Menu
Menu

Reducing anthracnose with potassium and nitrogen

Anthracnose severity in annual bluegrass is strongly linked to N and K deficiencies. At what rates do these nutrients best team up to control the disease?

|

Filed to: Poa annua, Disease

Anthracnose nitrogen potassium
Photo by Kyle Genova


A two-year field study carried out at Rutgers University in North Brunswick, N.J., examined the effects of combining four rates of potassium (K) with lower or higher levels of nitrogen (N) to control anthracnose (caused by Colletotrichum cereale) on an annual bluegrass (Poa annua) putting green.
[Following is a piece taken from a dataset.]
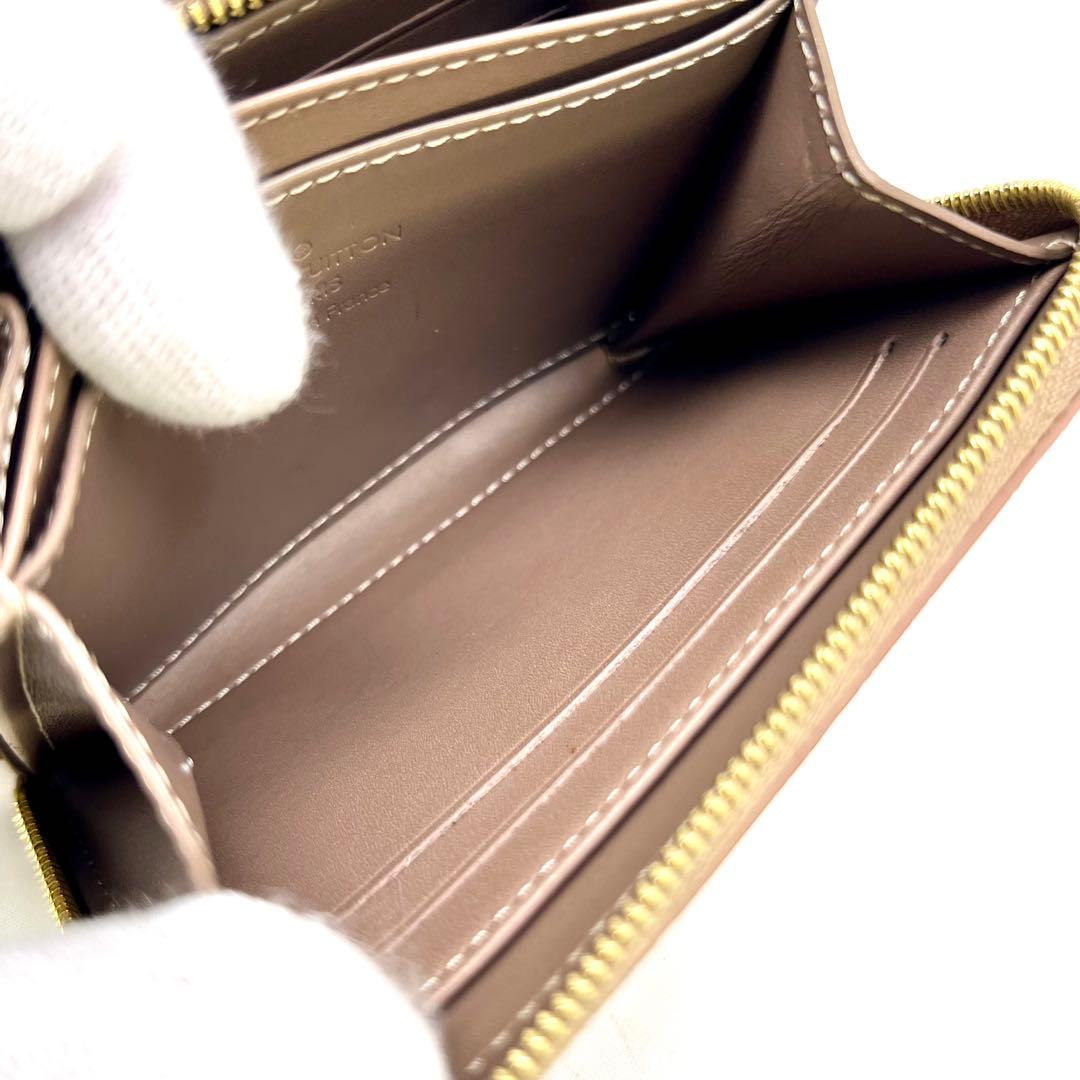 ルイヴィトン ヴェルニ ジッピーパース ゴールド M91762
The turfgrass was mowed at 0.11 inch (2.8 millimeters). K and N were applied over a 24-week period beginning April 28 in 2016 and April 13 in 2017. K was applied every two weeks at 0, 3.6, 7.1 and 14.3 pounds K2O/acre (0, 4, 8 and 16 kilograms K2O /hectare) as a potassium sulfate solution to plots treated with N (as a urea solution) at either 4.4 pounds/acre (4.9 kilograms/hectare) every 28 days (26 pounds/acre or 29 kilograms/hectare annually) or 4.4 pounds/acre every seven days (104 pounds/acre or 117 kilograms/hectare annually).

Editor’s note: In many cases, a combination of cultural practices can effectively suppress anthracnose, eliminating the need for fungicides. Learn much more in Anthracnose on annual bluegrass turf: Best management practices.
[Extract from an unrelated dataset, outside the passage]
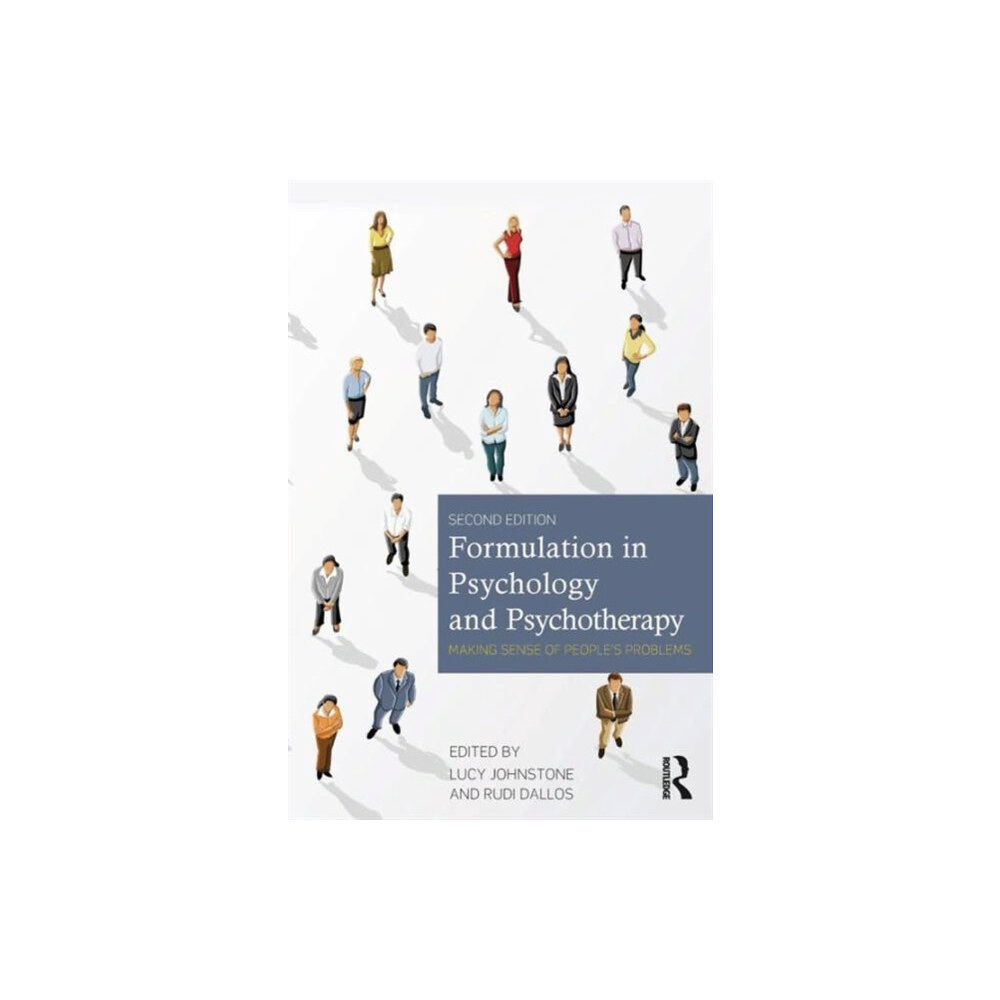 Taylor & francis ltd Formulation in Psychology and Psychotherapy (häftad, eng)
In general, disease severity, which was measured as area under the disease progress curve in both years, was reduced as K and N fertilization increased. With the exception of two rating dates in June 2016, greater anthracnose reduction was seen in plots treated with all rates of K (except for no K) and higher nitrogen levels. Compared with treatments with no K, plots that received K reduced anthracnose severity 55% to 59% in 2016, and 49% to 54% in 2017. Plots that received any of the K rates (except no K) and weekly N applications showed anthracnose reductions of 74% in 2016 and 68% in 2017.

— Kyle M. Genova; Bruce B. Clarke, Ph.D.; and James A. Murphy, Ph.D., Rutgers University, New Brunswick, N.J.

Editor’s note: An earlier version of this summary was published in the 2019 ASA-CSSA-SSSA Meeting Abstracts, ASA-CSSA-SSSA, Madison, Wis.


Teresa Carson is GCM’s science editor.